It's said that English differs from other subjects because there's can't be a single right answer to an exam question; however, while this is generally true, there are still wrong answers.

What makes a right answer? It's one that is focused on the requirements of the exam question, hits all of the required Assessment Objectives (AOs) and which you can show is based on a reasonable interpretation of the text you have studied. No surprises, a wrong answer either fails to focus on the requirments of the question or is based on an unreasonable interpretation that is, on a misreading of it.

What is a 'reasonable interpretation' (and how can you know)?
An interpretation is view you come to once you've read a text about what meaning its writer was aiming to convey.

The difficulty with interpreting a literary text, i.e. a story, play or poem) is that its meaning exists at two 'levels'. There is a 'surface meaning' that concerns the life of the characters in the story; and there is a 'deeper level' or a 'message' that concerns the reader's life. We read a literary text for both levels of meaning, firstly to enjoy a good story and second to gain a sesne of an understanding about life, or about the 'human condition'. Note that, even in a short poem, there is a sense of a story, i.e. of a character telling about a 'conflict' of some kind.

To be able to write a successful essay, you will need to have developed your own interpretation of its deeper meaning', i.e. what idea about life the writer was using the story to help convey. Even though your teacher will often help you to understand this, it will still comes down to your own interpretation and understanding.

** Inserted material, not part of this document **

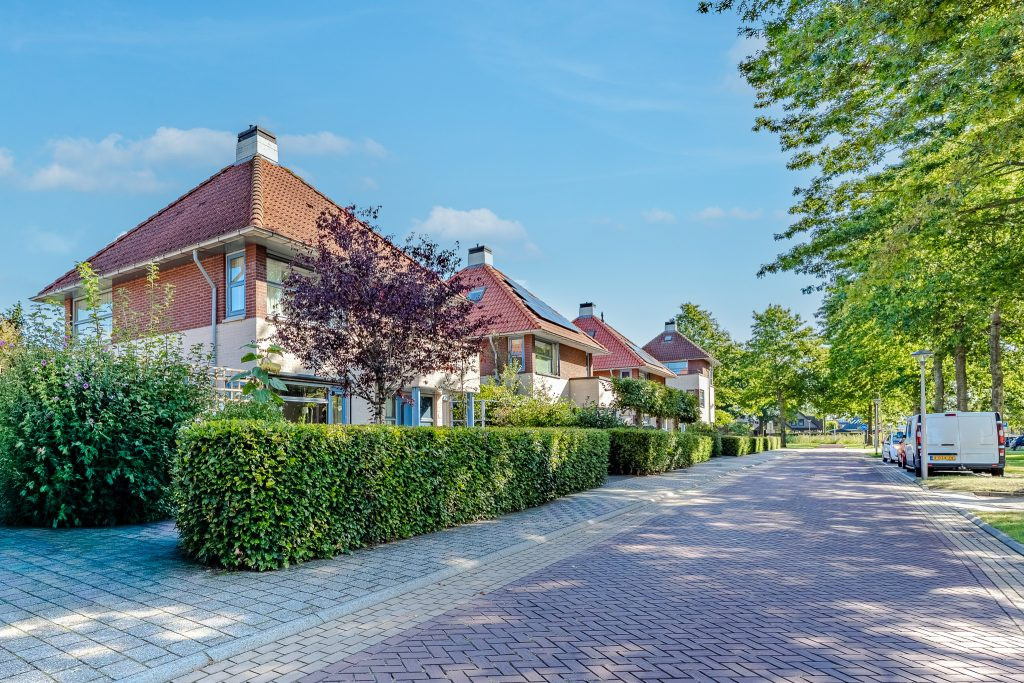 Vrijstaande woning te koop: Ferdinand Bolstraat 6, Ommen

'CLOSE' READING - reading a text for meaning

An effective interpretation is your viewpoint concerning the writer's 'message' or 'deeper meaning', one you can support by referring to elements of the text, usually in the form of a quotations. Then, because this is the study of English, you will also need to explain how the language you've quoted 'works' to create the meaning and effects on the reader that you've claimed for it.

The difficulty is to be able to work out just what it is that the writer wanted to convey. We can't ask the writer, and, because, in literature, the meaning lies 'between the lines', often through the writer's use of connotations (i.e. language that is not completely literal and straightforward in its meaning), it needs to be worked out through interpretation.


A literary text, i.e. a poem, play, short story or novel, is an imaginative and creative work that, even if it is made to seem entirely honest, authentic and realistic, is, in fact, fiction at least in the important sense that the facts in it are not really related to the facts of reality. It just seems that way. So, even if a story is set in 'London' and there is a queen called Elizabeth II, these facts of the real world are being used by the writer differently, for his or her own artistic purpose, and not just because they are there.

It is the existence of the 'between the line' meanings that make understanding literature more difficult since the 'layers' of meaning each need to be understood, piece by piece, as the story or text unfolds, with each being pieced together, a little like a jigsaw puzzle, to create an overall sense of what the writer is trying to convey - that is, their idea or 'message'. A writer's message is often a deep, sometimes even a profound, comment about society and life. Writers are often people who are critical of some aspects of their societies and who use their literature as a means not only to entertain their reader, but also to convey, convincingly, their social, moral or political viewpoint. Literature, and art in general, because of its engaging and emotional qualities, uniquely combines enjoyment with persuasion.


The language of literature creates its layers of meaning because it uses language differently from the way it is used everyday. If you read a Wikipedia page or a science text-book, for example, you won't find any language that is 'literary' (except for when the writer quotes from a literary work). The meaning of the language in a text book or encyclopaedia is made by a process called denotation and such meanings can be found in any dictionary.

Literature isn't like that. It is not driven by any desire to speak plainly, such as the writer of a textbook would use. Far from it. The language of literature creates its meaning by a process called connotation.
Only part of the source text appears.